Another back-to-basics move was to get myself back to the gym for strength training! Be still my heart! I’ve been getting plenty of exercise, but not as much of the “official” variety as I’d like. Between work-work, working on my kitchen, and working on Memaw’s house, I’m up and moving for about 8-10 hours a day, but there’s something about a structured workout that gives me more of a sense of control. I think I’ve figured out a way to get in at least two workouts a week and possibly the third one on weeks that don’t require yard work. (I count that as a workout since the power bar on my mower is out. :) )

It’s only been three days, but I’m amazed at how focusing on those two basics–nutrition and exercise–carries over into other areas. I feel much more “in charge”.

I must give credit for this re-focusing to Sally, with whom I spent some quality time this past weekend. This is always good for my spirits, because in addition to being exceptionally cute, Sally is a very good listener. :) sally playing with a ball

Sally has lots of interests, but three rise to the top: dinner, walks, and playing with the ball. As long as she has those three things in place, she lets everything else fall into its proper place. When I think about it, my interests aren’t really all that different from Sally’s, and that’s why I’m following her excellent lead and focusing on getting the basics in place. :)

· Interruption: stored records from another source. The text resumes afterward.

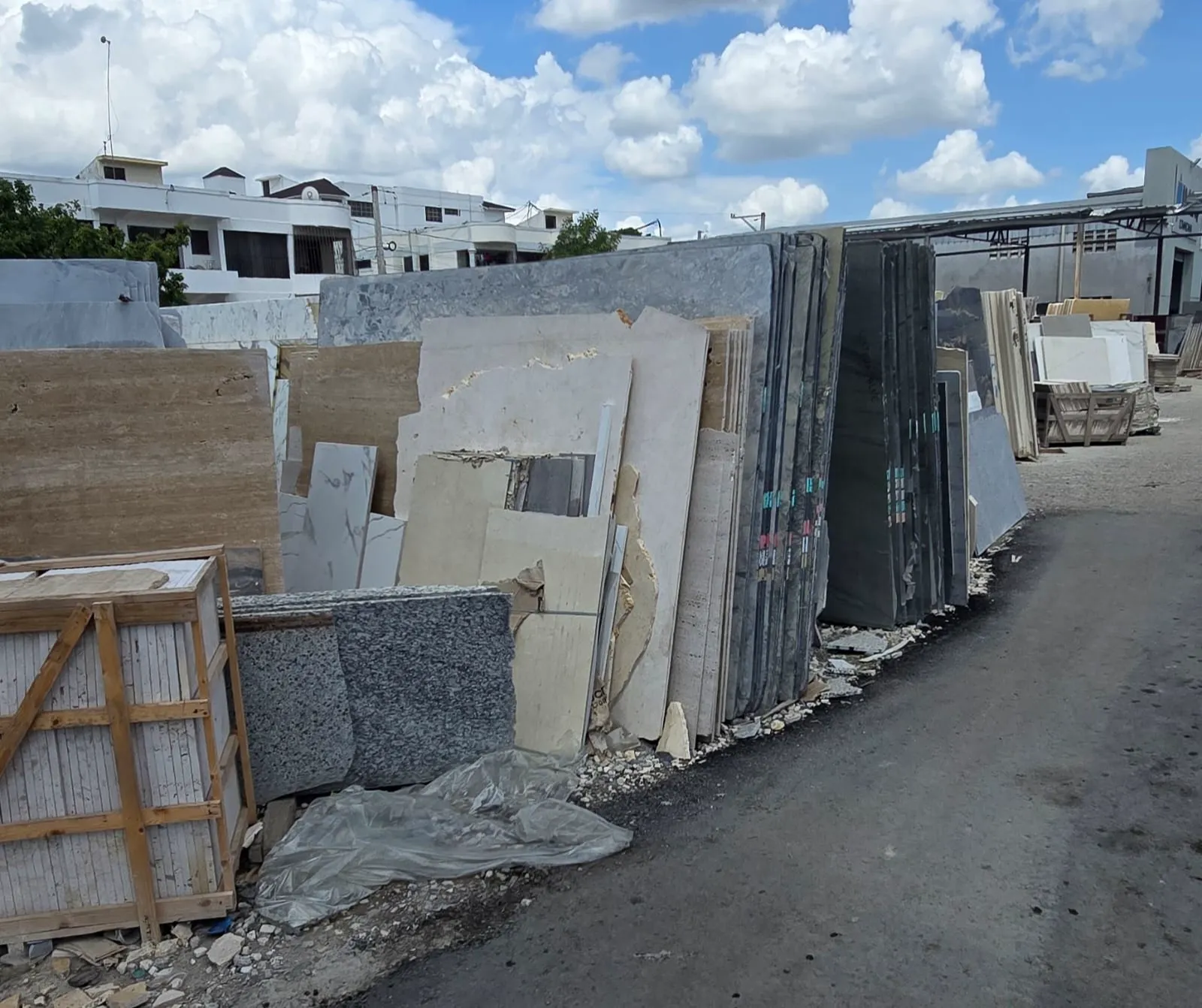 Marbre, Travertin et Granite en Stock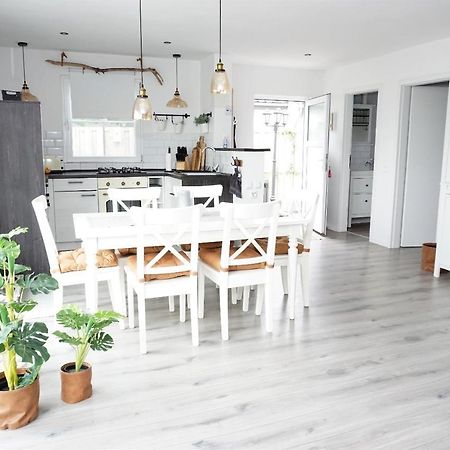 Ferienhaus Max Am Wasser Ferienpark Vislust Wervershoof Buitenkant foto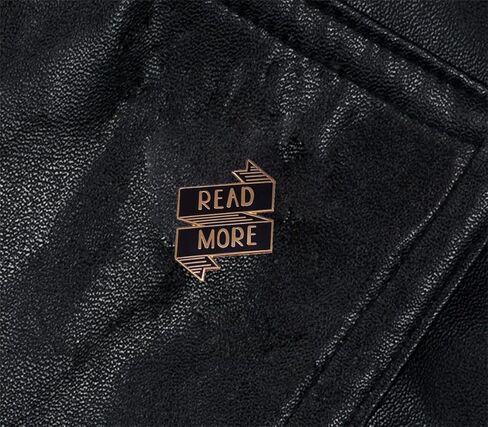 دبوس بروش مطلي بالمينا لمحبي الكتب وشنطة الظهر والقبعات والياقة للنساء والرجال، اكسسوارات مجوهرات عصرية، معدن، بدون احجار كريمة in Kuwait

Sadly, this might have been my last Sally visit for awhile. Her parents have selfishly decided that they’d like to live on the coast with its silly beaches and average winter temps in the 60s. Even more selfishly, they’re taking my dog with them! Okay, so technically, she’s their dog, but still. It’s just not right.

The upside is that they’ll still need a pet-sitter from time to time, and this one travels! :)

Besides Sally-sitting, another stress release was the selection of a yellow paint color for my kitchen and laundry room. I’m not yet ready to call it The Perfect Shade of Yellow. For now it’s just the yellow that’s going on the wall. I’ll know more when it’s actually on the wall.

yellow paint test strips on the wall

I’ll share the final (I hope!) results when the paint is up. It’s one of the colors shown above.

On that note of suspense, I’ll close this out. I’ve got a 4:30 a.m. alarm tomorrow, which means I’m already up too late. I hope you’re having a lovely week!